十人十色の短編集

八重森ミチル

一人目:怜の場合

新幹線のスピードで

1.

 お風呂から上がった私の携帯に届いていたのは、一通のメールだった。

 ――― プシュッ

 缶ビールを開けながら、そのメールを開けるのを少し躊躇った。


「久しぶりだな、どうしたんだろ……。」


 メールの送り主は公平さんだった。

 約一年前に友人の結婚式で出会った二歳年上の人。

 新郎の友人としてスピーチをした公平さんは、約180cmの長身で、時折優しそうな微笑みを浮かべながら、新郎との思い出を語った。

 「健二くんとはよく放課後にバスケットをし、アルバイトでも学校でもいつも一緒でした。どんな話をしたかはここでは割愛しますが……。」


 スピーチは、よくある笑いを取るだけの内容がないようなものではなくて、心がほんわかとするようなエピソードが散りばめられていて、いつもならスルーしてしまうのに、なぜか聞き入ってしまっていた。

 知的にゆっくり話す姿に好感を持てたからかな。

 だから、二次会の席でちょうど向かい同士になっても、気まずい気持ちは持たなかったし、すんなりと話せたのだと思う。

 一緒に結婚式に参列していた友人の茉美も、私の横で公平さんと楽しそうに話していた。

 

「公平さんって彼女さんいるんですか?」

「俺?彼女ができて三ヶ月かな。茉美ちゃんは?」

「私ですか?一歳下の彼氏がいるんですよ。直美の結婚式でこっち帰って来てて、普段は東京にいるから、彼氏も東京の人なんですけどね。」


 ここで恋人がいないのは私だけか……。三十路近い独身女。焦りも感じる頃。

 一杯目のビールを飲み終え、次は何飲もうとメニューとにらめっこをしながら、ふと思った。

 

 彼氏や旦那さんがいる人の話を聞いていると、いいなって思ったりはするんだけど。前の彼氏と喧嘩ばかりで別れてからは、誰とも付き合ってこなかった。かれこれ三年以上にはなる。心が消耗することに消極的になっていて、この頃はいい人探そうというセンサーが完全に鈍くなっている。


「怜ちゃんは、彼氏いるの?」

「いえ、いません。」

「へー、怜ちゃん、モテそうなのにね!」

「持ち上げても何も出ませんよ、はははっ……。」


 もうこの質問にも慣れた。近頃では、

「結婚はしてるの?」

 の方が増えてきているほどだ。


 外に出ると星がきれいに瞬いていた。
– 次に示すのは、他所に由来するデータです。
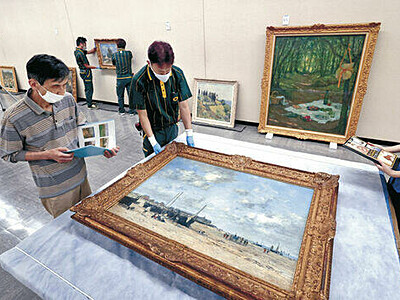 洋邦名画出番待つ　「富士美術館展」２８日開幕　石川県立美術館で展示作業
お酒で火照った体に冷えた空気が気持ちいい。

「直美、きれいだったねー!」

「ほんと!最高に幸せそうだったよね。」

「三次会も楽しかったしね。」

「ほんとだね!いいなぁ、今度、直美夫妻の家にみんなで遊びに行くの、私もこっち帰って来てたら行けるのにな。」

「仕事の都合が付いたら、また帰って来たらいいじゃん。」

「そだね。やっぱり地元っていいよね。」


 引き出物と結婚式の装花を両手に抱えて、繁華街を歩く。週末の街中はまだ人で溢れかえっていた。


「怜、私ここからタクシー乗るわ。うち方面のバスもうなさそうだし。」

「そっか、気をつけてね!またしばらく会えないだろうから、電話でね。」

「うん、怜も仕事無理せず頑張ってね!良い話が出来たらいつでも報告すること。」

 ニヤっと笑っているけど、ごめんね、ネタ提供出来るようなもの一個もないよ……。

「バイバイ!」


 バス停に着くと、公平さんがいた。

 トントン、と肩をたたくと、

「あれ、さやかちゃんもバスだったんだ?」

 と私が歩いて来ていたことに気付いていないようだった。

「はい、あと一、二本はあるかなと思ってバス停まで来てみました。どちら方面ですか?」

「俺、松本なんだよね。」

「え!そうなんですか、私もですよ!」

 どうやら偶然にも地元が近かったらしい。バスに乗って降りるまでの三十分間に色んな話をした。その中で分かったことは、波長や趣味が合うということ。みんなの中で話している時から良い印象はあったけど、二人で話してみたら、正直言って好きなタイプの部類に入ると思った。

 これは……。

 あまり仲良くなるのやめておこう。彼女がいる人を気に入ってもろくなことにならない。